-- AVAILABLE DATA follows --

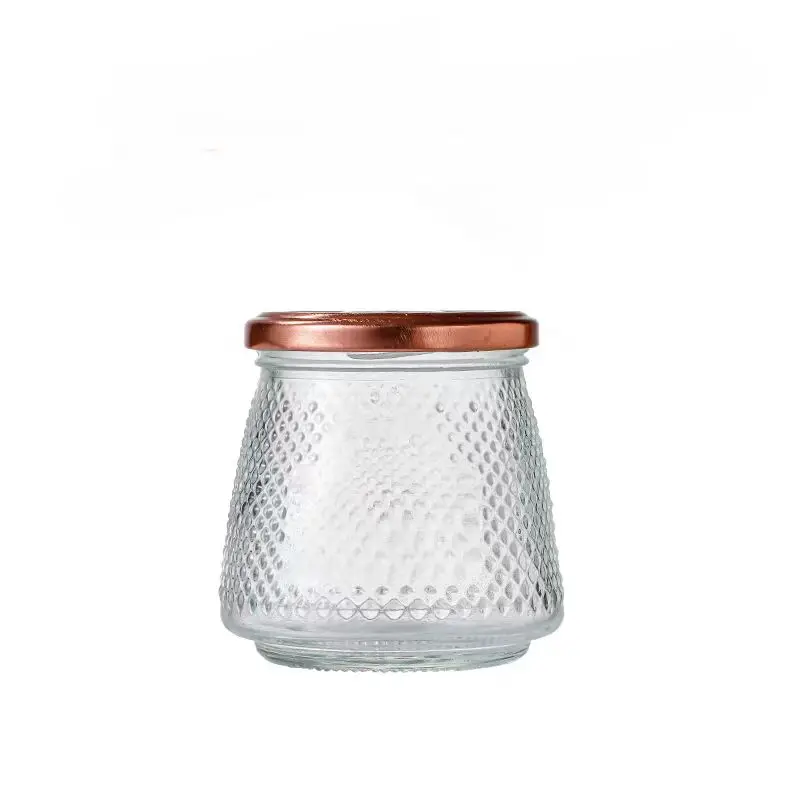 Wholesale Empty Food Ketchup Paste Honey Jam Storage Container 150ML Ribbed Round Sauce Pickle Glass Pudding Jars with Screw Lid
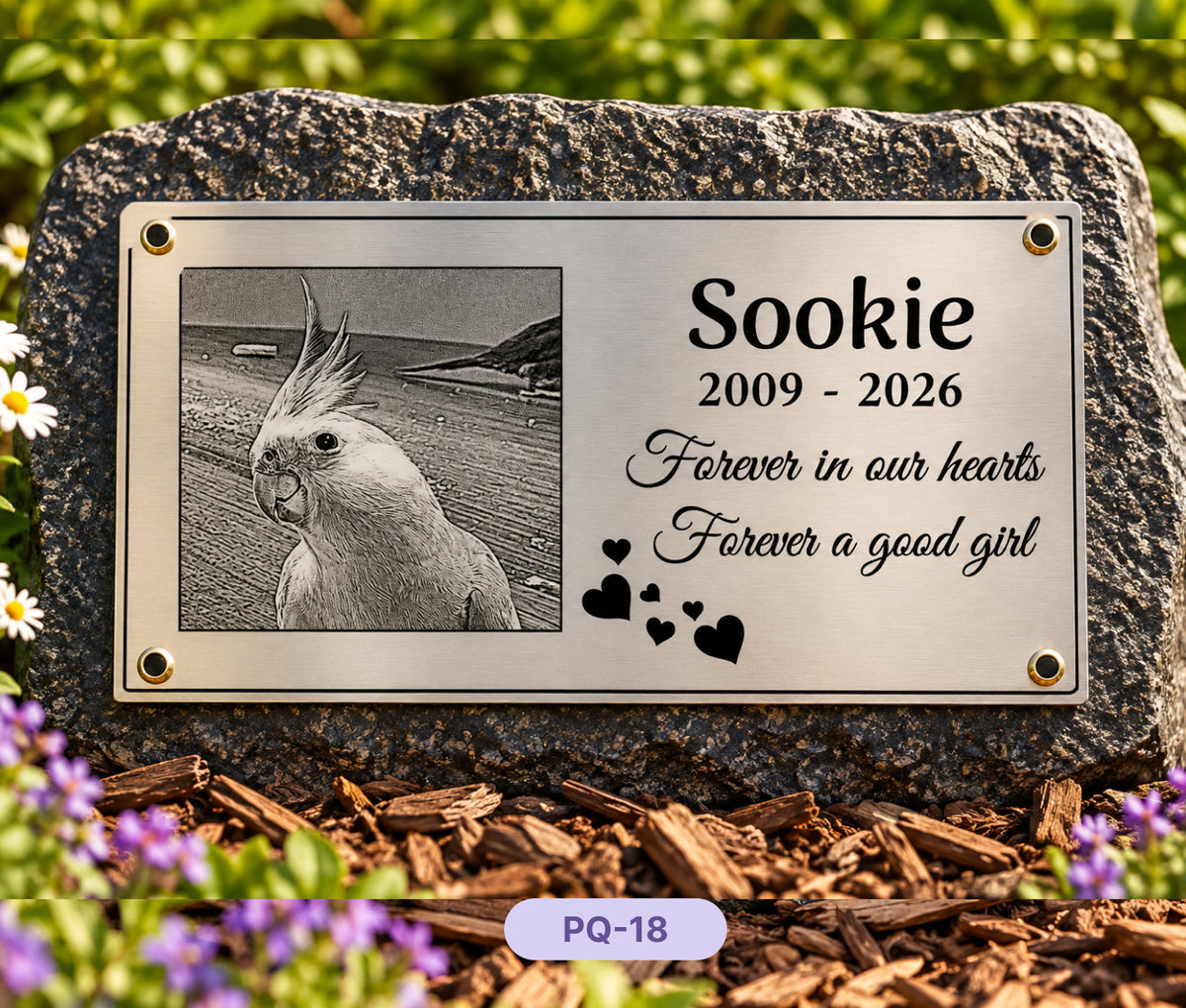 Personalised Engraved Stainless Steel Pet Memorial Plaque, Custom Outdoor Dog & Cat Grave Marker, Pet Remembrance Sign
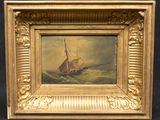une peinture à l'huile représentant un voilier sur une mer agitée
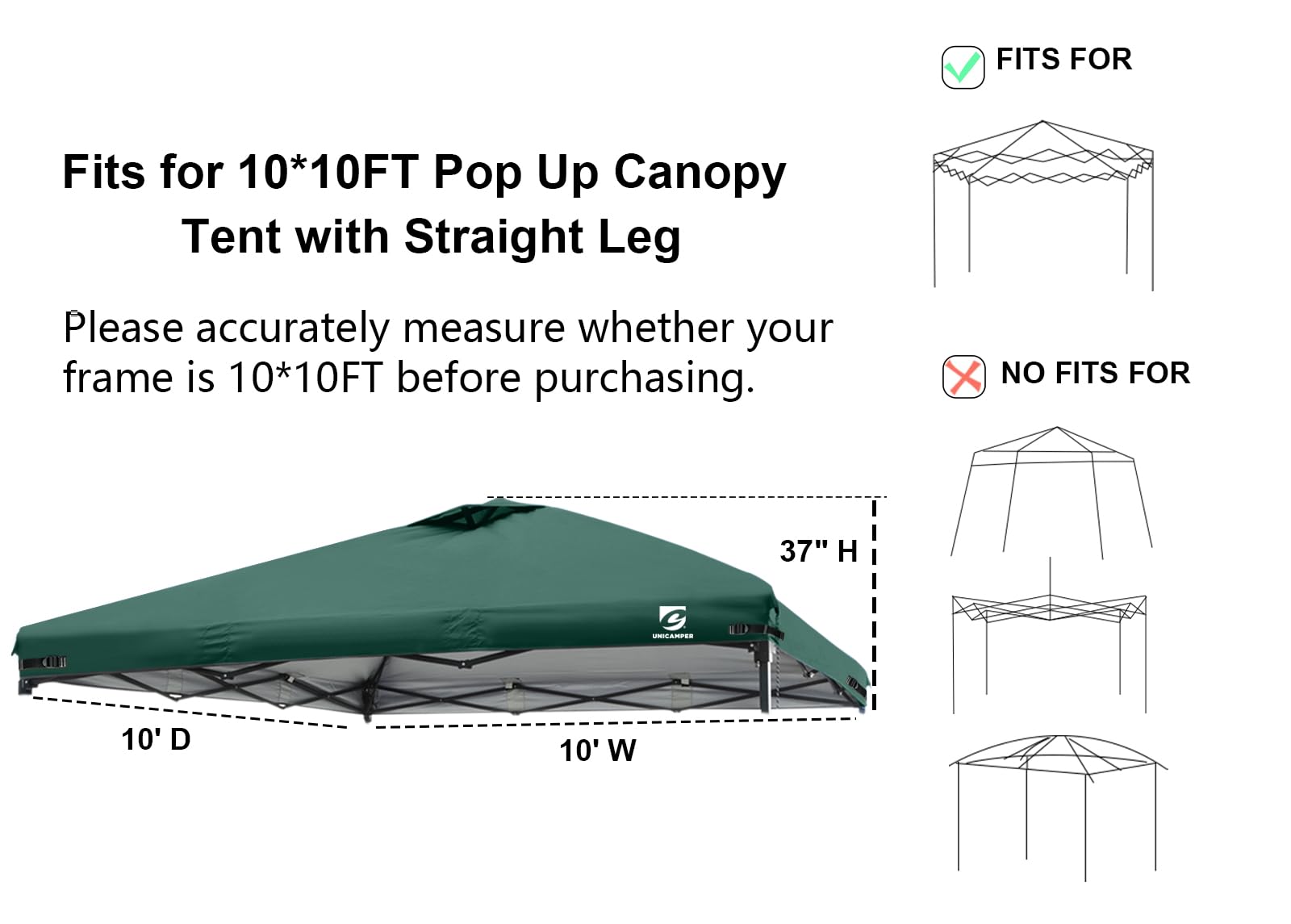 UNICAMPER canopy top with air vent to improve airflow and comfort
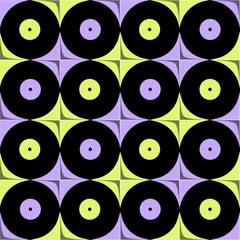 Geometric elements seamless pattern. Vinyl records repeated texture. Disco stars ornament.  Vector design for textile, fabric, background, backdrop, social media, wrapping paper, packaging.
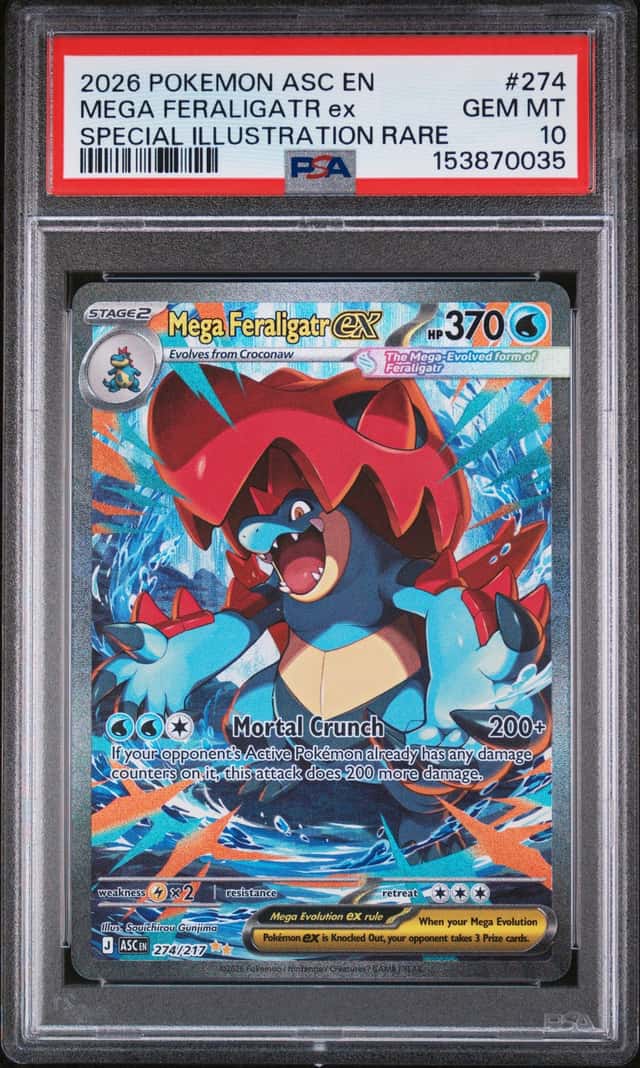 2026 POKEMON ASC EN #274 MEGA FERALIGATR ex SPECIAL ILLUSTRATION RARE PSA 10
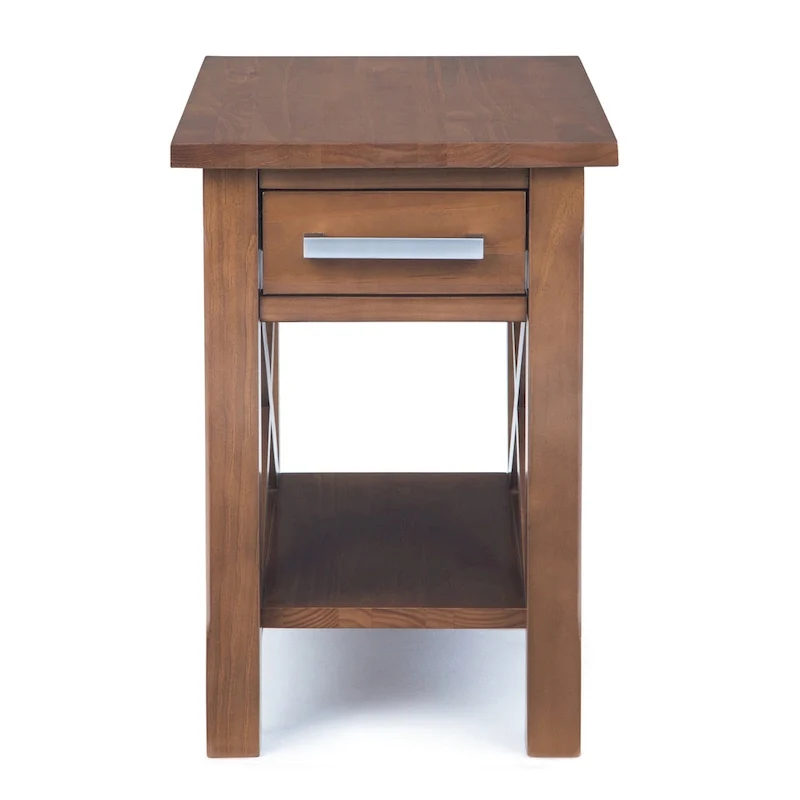 Solid Wood Narrow Side Table with 1 Drawer & Bottom Shelf, 14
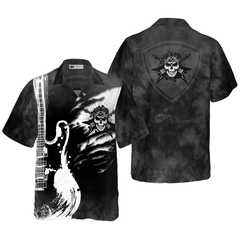 Guitar And Skull Hawaiian Shirt - Hyperfavor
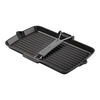 Grill Pans, Bistecchiera con becchi rettangolare - 34 x 21 cm, nero, small 2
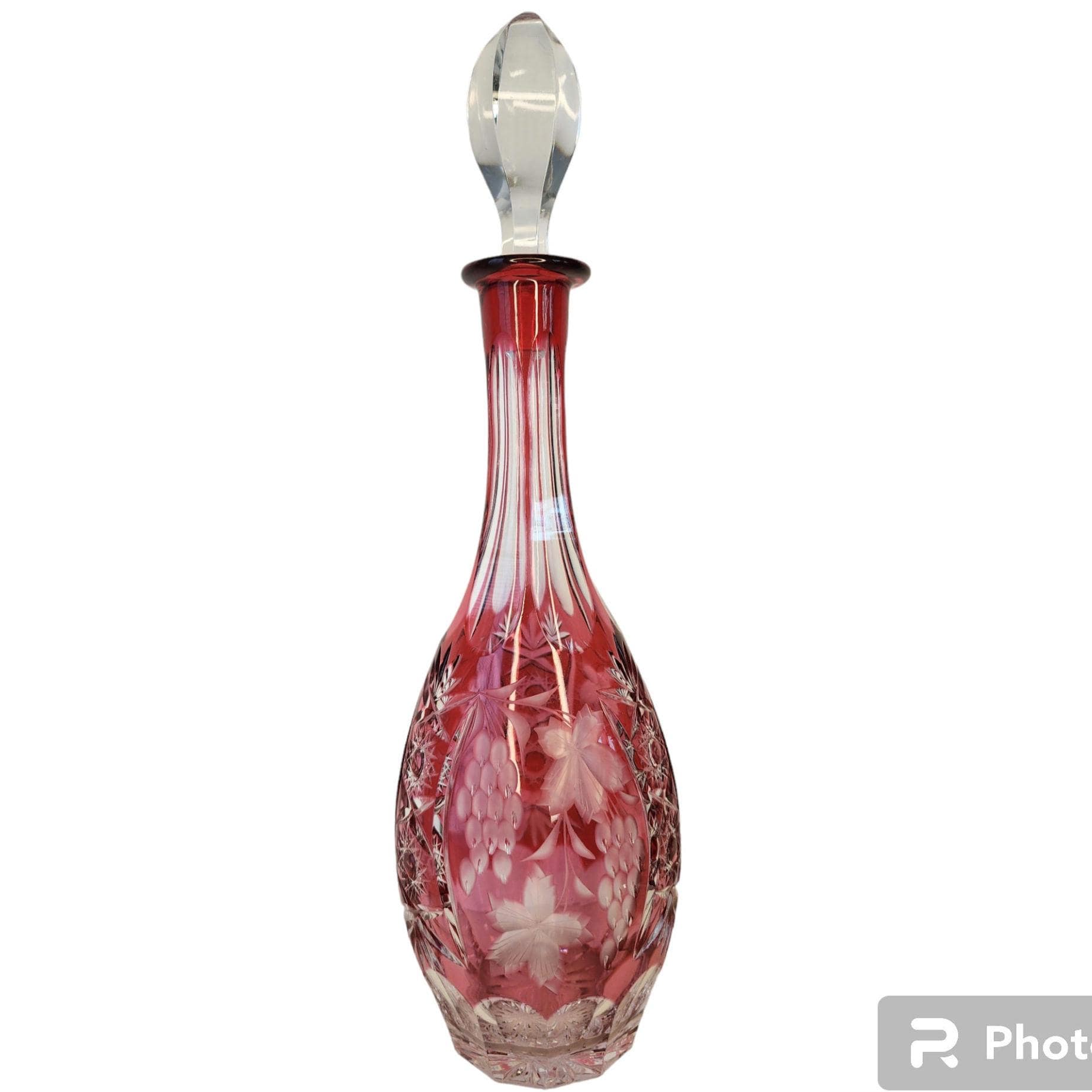 NACHTMANN - (ITEM A) Gold Ruby Overlay Crystal decanter Circa 1950s Fine Bavarian Crystal from West Germany, Traube signature style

-- AVAILABLE DATA concluded --

YOUR ASSIGNMENT
Each line from the one with "Solid Wood Narrow" to the end of the material needs to be output word for word, with no picture included.

RESULT OF THIS TASK
 Solid Wood Narrow Side Table with 1 Drawer & Bottom Shelf, 14
 Guitar And Skull Hawaiian Shirt - Hyperfavor
 Grill Pans, Bistecchiera con becchi rettangolare - 34 x 21 cm, nero, small 2
 NACHTMANN - (ITEM A) Gold Ruby Overlay Crystal decanter Circa 1950s Fine Bavarian Crystal from West Germany, Traube signature style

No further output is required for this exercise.